法制執務コラム

法律の中での「大人」は何歳?

 我が国の法律では、「大人」かどうかを適用基準とする場面が多くあります。その一つとして、よく目にするのが「成年」でしょう。

 民法第3条は、「満二十年ヲ以テ成年トス」と規定し、成年者に対し独立・完全な財産行為能力を与えています。すなわち、満20歳以後は、私法上、財産取引に関する契約を締結したり、独立して親権を行使することが可能となっています。一方、20歳に達しない「未成年者」には、様々な制限が規定されています。

 「二十歳」の根拠については、民法制定当時、明治9年太政官布告41号において課税や兵役の基準年齢(丁年)を「満二十年」としていたことに従ったと考えられていますが、当時の我が国の慣習では15歳程度を成年としていたため、当時21歳から25歳程度を成年年齢としていた欧米の経済取引秩序とのバランスを取るために「二十年」としたといった考え方もあるようです。
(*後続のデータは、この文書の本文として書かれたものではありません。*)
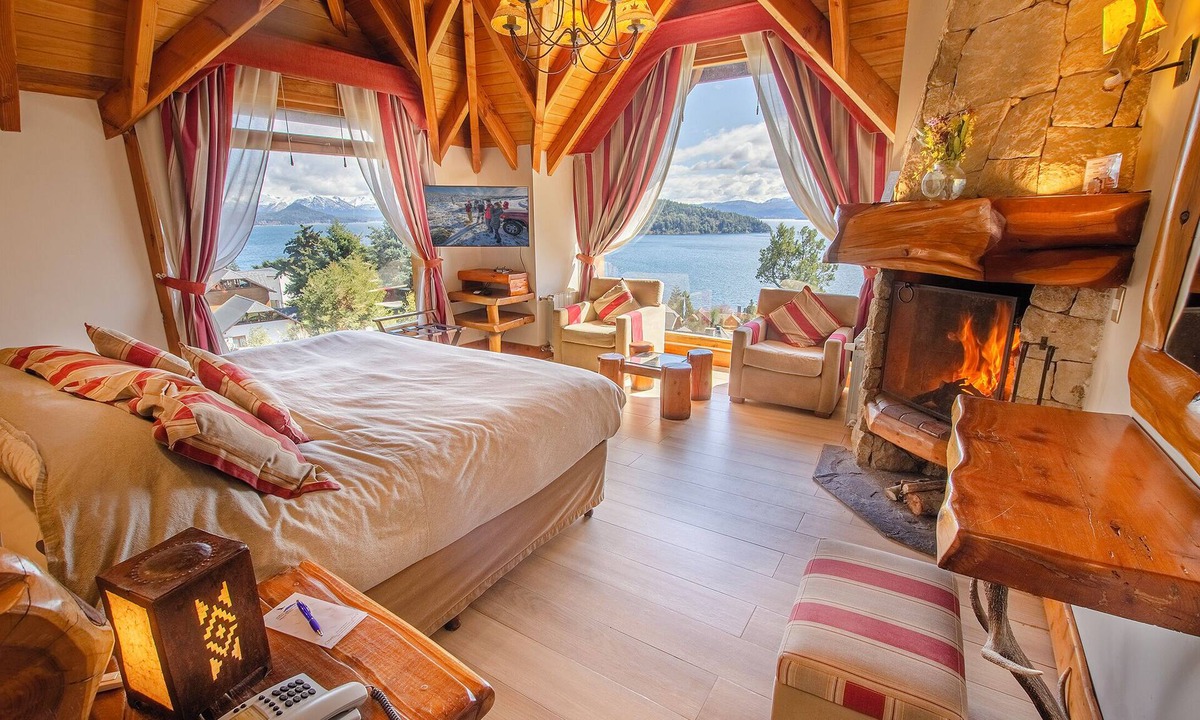San Carlos de Bariloche Hotel | Nido del Condor Hotel & Spa
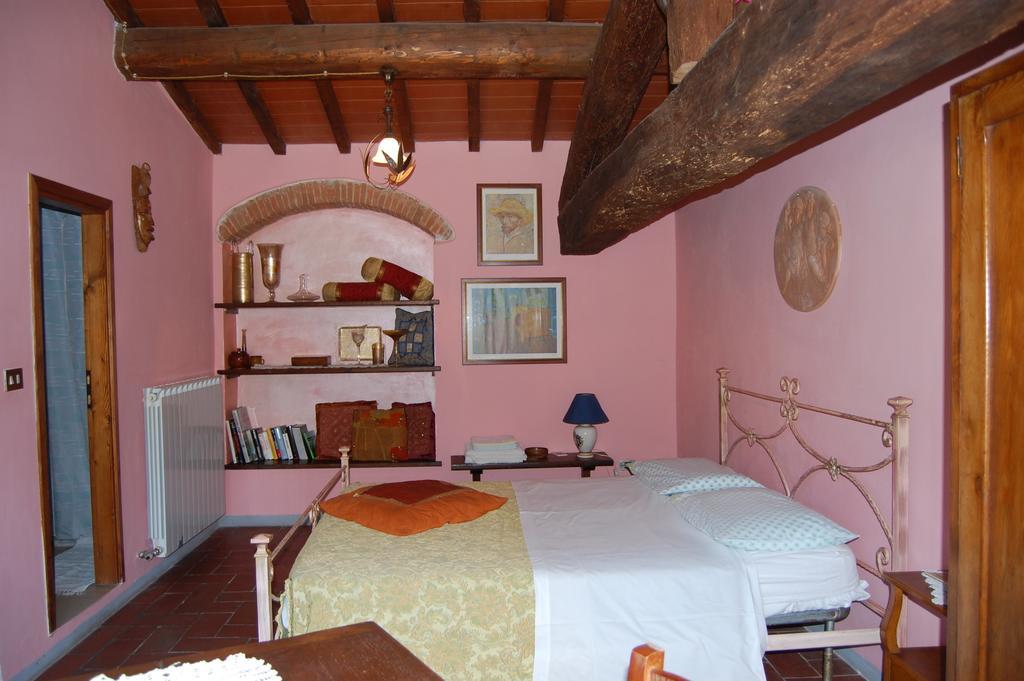 Fattoria Antognoni Villa Reggello Buitenkant foto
 この民法上の成年年齢には例外があります。いわゆる「婚姻による成年擬制」と呼ばれるもので、未成年者であっても婚姻したときは、「成年に達したものとみなす」とされています。現行法では、男性は18歳、女性は16歳で婚姻できることとなっていますから、この規定に従えば、20歳になる前に民法上「成年」として扱われることになるのです。これは、婚姻生活に独立性を与え、夫婦の平等を貫くための擬制であると説明されています。

 もっとも、この擬制の効果は、私法上の関係にとどまります。

 例えば、未成年者飲酒禁止法や未成年者喫煙禁止法では、「満二十歳ニ至ラサル者」は飲酒や喫煙は禁止されていますが、婚姻したからといって、これが許されるわけではありません。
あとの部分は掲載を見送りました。